When Kolts, 27, was at work on October 3, 2019, her parents, who are military reservists, discovered a stash of pipe bombs in her room. They phoned the police right away, who arrived and confiscated two dozen of the deadly weapons along with firearms, a bow, bomb-making supplies, books about terrorist attacks, and a “hit list” of probable targets. At her place of employment, Kolts was taken into custody and is now facing 24 counts of creating, possessing, and using a harmful device.
Kolts’s mental state turned out to be a crucial element in the case, as Hillsborough County Sheriff Chad Chronister stated at a press conference announcing the arrest that Kolts had mental health concerns and was “a little bit on the autism spectrum.” She was declared ineligible to stand trial shortly after being arrested; it later came to light that she had been getting mental health therapy for years.

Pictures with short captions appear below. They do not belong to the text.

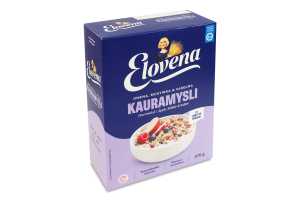 Мюслі вівсяні цільнозернові з яблуком, чорницею та малиною Elovena к/у 475г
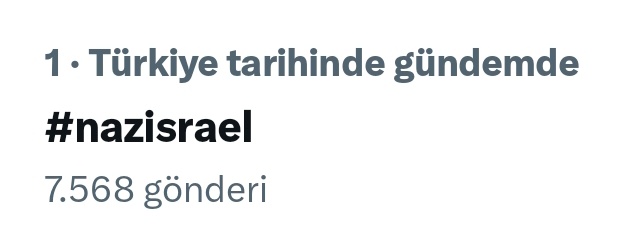 Türkiye gündeminde 1. Sıradayız. Bu gece bu tagı dünya gündemine acilen sokmalıyız. Sessiz kalma! Eğer bu tweeti görüyorsan yorum olarak #nazisrael yazar mısınız ?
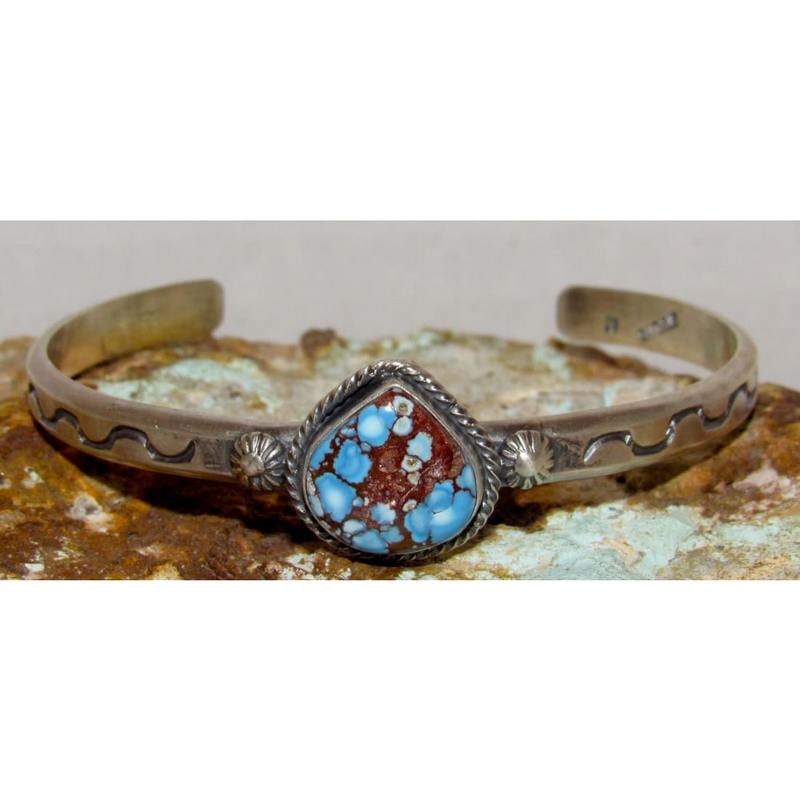 Navajo Golden Hills Turquoise Stacker Cuff Sterling Hand Etched Bracelet S. Yellowhair: Fab sterling silver and gorgeous Golden Hills mine turquoise Native American Navajo stacker cuff bracelet by the collectible Navajo artist Sam Yellowhair. Wonderful craftsmanship and attention to deta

Prosecutors were persuaded by her attorney Barry Taracks that it merited another shot. Taracks reached an agreement after three further years of legal wrangling and mental health assessments. On April 5, Kolts entered a guilty plea to a lesser charge of 10 offenses related to harmful devices.
She was spared jail time and a trial in exchange for the plea. Instead, she received a 24-month community control order with 15 years of probation that will require her to receive in-house mental health therapy.
As long as Kolts abides by the terms of her probation and doesn’t commit any more crimes, Taracks assured reporters that Kolts won’t “suffer the stigma” of having a criminal conviction on her record.